En sanctionnant les ouvrages qui parlent de couples homoparentaux, et en choisissant de les interdire aux enseignants qui officient en écoles maternelles, le maire a vraiment brillé de mille feux. Selon ses propres commentaires, le travail d’analyse pour distinguer le bon grain de l’ivraie sera effectué avec soin. Mais c’est déjà de discrimination que l’on parle. 

 

Et la suite logique de la censure serait-elle d’envisager, place Saint-Marc, un grand autodafé, pour travailler à l’édification de chacun ?

 

Quand on songe une seule seconde aux efforts d’éditeurs comme Marvel ou DC Comics pour accorder une place à l’homosexualité, depuis des années, tout cela est bien dérisoire.
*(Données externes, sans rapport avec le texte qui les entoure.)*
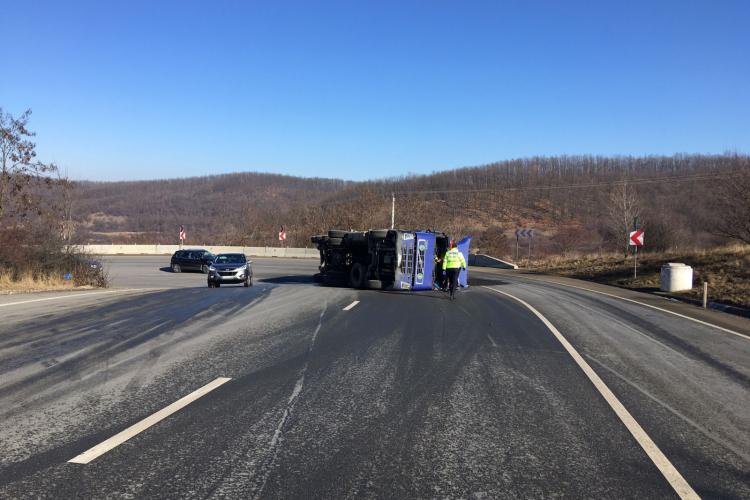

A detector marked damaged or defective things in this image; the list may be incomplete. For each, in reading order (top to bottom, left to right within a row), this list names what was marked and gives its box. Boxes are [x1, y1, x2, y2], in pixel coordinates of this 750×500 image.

overturned blue truck [312, 229, 470, 292]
Jono Jarrett, fondateur de Geeks Out, organisation au croisement des cultures geek et LGBT expliquait fort bien tout cela : « Je pense que toute grande industrie réagit plus lentement que la culture dont elle se nourrit. » Et que le monde des comics s'empare enfin de ces thèmes n'est finalement qu'une juste chose, offrant un nouveau paysage aux personnes. « Nous essayons de porter ce message : désormais, "si vous êtes un geek gay, ce n'est pas double peine : vous êtes doublement génial". »

 

De l'index qui pointe, au majeur qui se dresse 

 

Alors pendant ce temps, le ministre de la Culture, Dario Franceschini peut bien se réjouir de constater que dans les librairies indépendantes, au cours du premier trimestre, 2,3 % supplémentaires de livres ont été vendus. Son silence sur le sujet est légèrement embarrassant.

 

 

Heureusement, il y a cette librairie, la Stregata (à Portoferraio sur l’île d’Elbe), qui décide en réaction aux propos du maire, de commander les 49 ouvrages concernés par la censure, et de les mettre en avant dans leur vitrine. (via Tirreno Elba)

 

Certains en appellent au ministère de l’Éducation, et l’actrice Martina Galletta rappelait, dans la pétition que dans un monde de plus en plus médiatisé et globalisé, « il est anachronique et grotesque de mettre en œuvre une censure si lâche de livres qui devraient sensibiliser les jeunes et non nourrir l’ignorance, la peur et la discrimination ». On ne pourra que lui donner raison : parmi les livres que Luigi Brugnaro a choisi de mettre à l’index, on retrouve celui d’Ophélie Texier, Jean à deux mamans, publié par L’école des Loisirs (novembre 2004). 

 

Un livre qui avait fait sortir de ses gonds Pascale Morinière, vice-présidente des associations familiales catholiques, et qu'elle dénonçait avec ardeur, en février 2014. « Le livre Jean a deux mamans est mensonger. On ne peut pas avoir deux mamans. Où est le père ? On fait comme s’il n’existait pas. Il manque une parole de vérité sur l’origine de cet enfant. Écrire qu’un couple homosexuel, c’est comme un couple hétérosexuel, c’est faux… »  (via Le Figaro)

 

Les arguments ne sont guère plus éloignés que ceux du maire de Venise. Elle ajoutait, à propos de l’album Les Chatouilles, de Christian Bruel et Anne Bozellec (novembre 2012, Thierry Magnier) : « Ce que cela dit à l’enfant, c’est que la nudité n’a pas d’importance. Que c’est un jeu. On ne lui enseigne pas ce qu’est la pudeur. » La pudeur, c’est aussi cette dimension humaine qui empêche de dire quelque chose susceptible de blesser. 

 

Mais en matière d’éducation, il reste définitivement fort à faire. ​


Pour approfondir

Editeur :
Genre : littérature...
Total pages :
Traducteur :
ISBN : 9782211074575

Les petites familles ; Jean a deux mamans

de Ophélie Texier

Jean a deux mamans. Une maman ou deux mamans, est-ce vraiment si différent ? Oui, sûrement. Mais qu'en pense Jean ?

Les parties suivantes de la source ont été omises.